Another common method of relating dependent variables to independent ones is regression. ANOVA, ANCOVA and regression are all the same, mathematically. Here is the one equation, in matrix algebra terms. It is the equation for ANOVA, ANCOVA and regression.
(skip if you want to ….)
If there are n subjects (e.g. people) and p variables (e.g. marital status, sex, height) then
Y + Xb + e
Where Y is a n x 1 vector of values on the dependent variable (weight)
X is an n x p matrix of values on the independent variables
b is a p x 1 vector of parameters to estimate
e is an n x 1 vector of errors
(end of math)
If ANOVA is the same as regression, why do we have both?
ANOVA and regression arose in different substantive areas, and were developed by different people. ANOVA mostly arose in the field of agriculture, where people were concerned with questions such as the effect of different fertilizers on crop yields. A key person in its development was Ronald Fisher. Another field was the food and beverage industry; the inventor of the t-test, William Gossett (aka Student) worked for Guinness Brewing. Regression started in geography, where people were trying to figure out exactly how big the Earth was, and one key figure was Gauss.

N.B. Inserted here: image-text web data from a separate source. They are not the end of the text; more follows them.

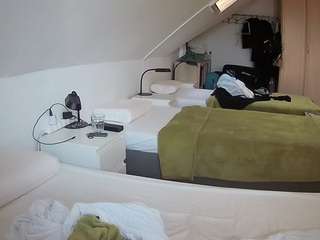 voyeurcam-julmodels-bed-4 webcam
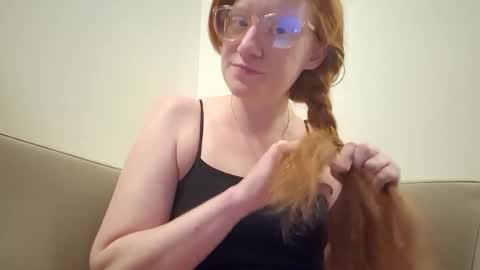 Snapshot of xxmariebliss chatting on 05.22.26 xxmariebliss online show from 05.22.26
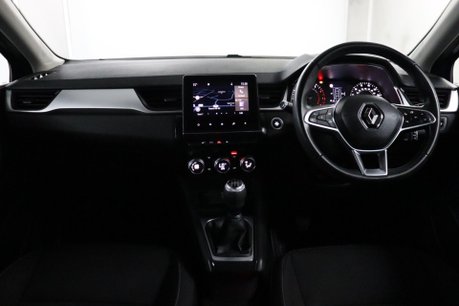 Renault Captur ICONIC TCE 41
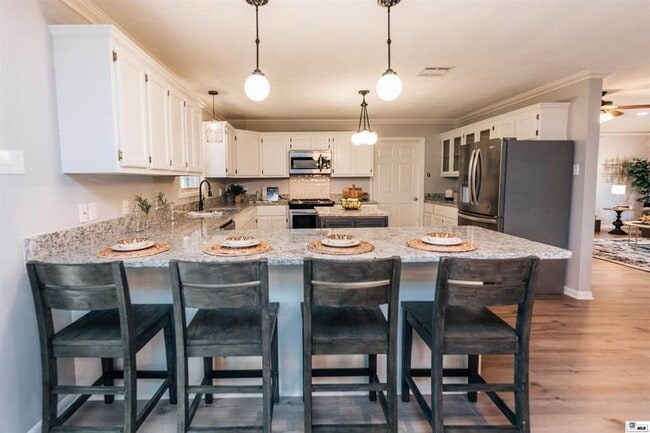 Building Photo - 309 Darbonne Dr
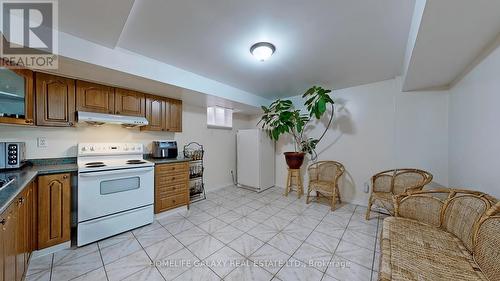 114 Goldenwood Crescent, Markham, ON - Indoor Photo Showing Kitchen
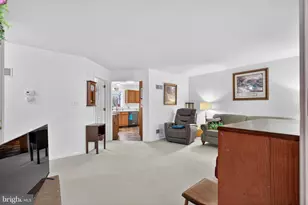 213 E 6th St, Lititz, PA 17543 - Photo 8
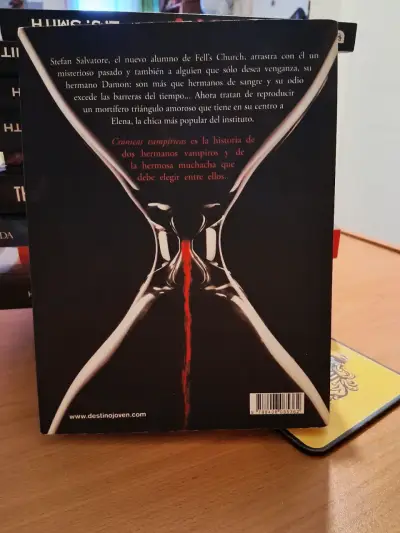 'Despertar' de L.J. Smith - miniatura 2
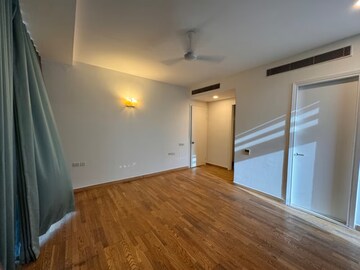 Room in 3 BHK Apartment at Ireo The Grand Arch, Sector 58 – for Sale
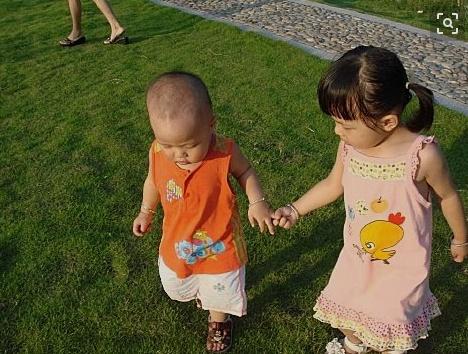 老婆生儿子, 岳母非让跟她姓, 我气得赶走她, 老婆指指水杯我笑了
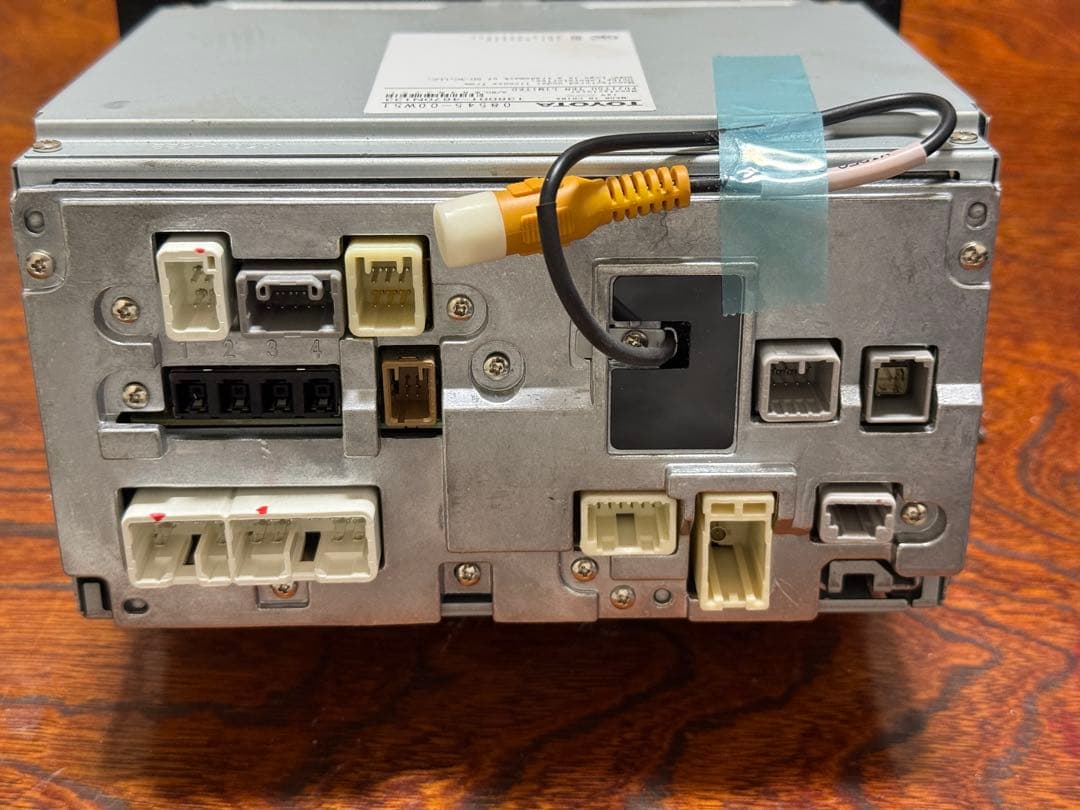 トヨタ純正 SDナビ　NSZT-W64　2017年地図 高精細液晶　アンテナ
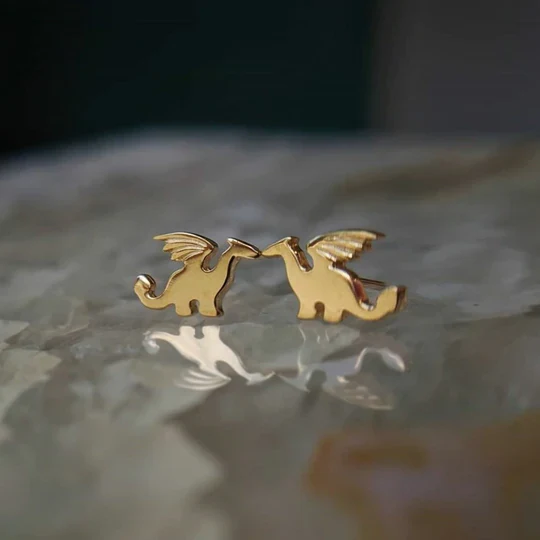 Junipurr Jewelry Gold Dragon - Image 9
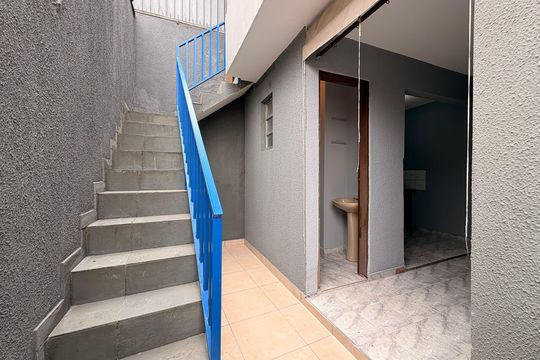 Quintal de casa para alugar com 3 quartos, 191m² em Parque das Nações, Santo André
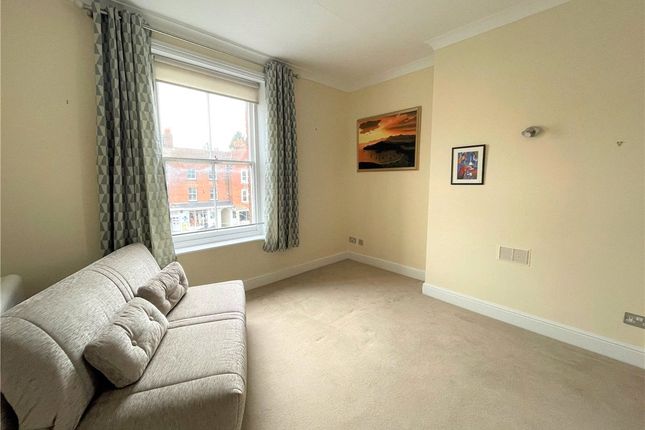 Flat 1, 21, High Street, Wiltshire photo 2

If ANOVA is the same as regression, why do the outputs look so different?
If you’ve done ANOVA and regression, or seen the output from programs that do them, or even read results in a paper, you’ll know that the output looks very different. That’s because they phrase the same question in different ways.
ANOVA is about partitioning the variance into within and between groups.
Regression is about finding an equation to relate the dependent variable to the independent variables.
Analysis of variance (ANOVA) is a method for determining whether groups are different on a quantitative variable. It is equivalent to regression, although the equivalence isn’t obvious.